--- Task requirements ---
Look through the records below and collect all lines that hold the string "Cotton".

--- Brief descriptive captions ---
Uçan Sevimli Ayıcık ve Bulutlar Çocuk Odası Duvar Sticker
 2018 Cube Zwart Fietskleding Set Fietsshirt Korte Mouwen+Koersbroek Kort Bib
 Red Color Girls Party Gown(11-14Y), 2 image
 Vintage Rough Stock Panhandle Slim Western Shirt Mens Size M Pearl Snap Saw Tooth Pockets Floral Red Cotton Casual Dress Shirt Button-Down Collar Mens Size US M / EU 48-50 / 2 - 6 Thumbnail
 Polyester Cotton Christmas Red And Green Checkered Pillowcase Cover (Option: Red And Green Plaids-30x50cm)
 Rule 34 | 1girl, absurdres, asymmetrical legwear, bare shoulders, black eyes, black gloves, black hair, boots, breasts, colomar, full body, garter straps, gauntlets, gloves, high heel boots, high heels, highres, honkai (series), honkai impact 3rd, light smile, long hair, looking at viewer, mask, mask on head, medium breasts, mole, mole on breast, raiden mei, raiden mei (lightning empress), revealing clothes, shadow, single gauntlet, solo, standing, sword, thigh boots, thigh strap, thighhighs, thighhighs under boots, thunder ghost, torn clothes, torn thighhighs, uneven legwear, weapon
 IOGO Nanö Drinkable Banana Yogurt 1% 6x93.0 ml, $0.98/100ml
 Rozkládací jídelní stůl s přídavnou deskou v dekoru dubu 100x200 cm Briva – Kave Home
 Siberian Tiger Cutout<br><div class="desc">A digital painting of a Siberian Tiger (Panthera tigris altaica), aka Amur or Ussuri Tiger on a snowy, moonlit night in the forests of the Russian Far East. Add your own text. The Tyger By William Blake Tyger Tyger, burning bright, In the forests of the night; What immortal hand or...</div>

--- Answer space ---
 Vintage Rough Stock Panhandle Slim Western Shirt Mens Size M Pearl Snap Saw Tooth Pockets Floral Red Cotton Casual Dress Shirt Button-Down Collar Mens Size US M / EU 48-50 / 2 - 6 Thumbnail
 Polyester Cotton Christmas Red And Green Checkered Pillowcase Cover (Option: Red And Green Plaids-30x50cm)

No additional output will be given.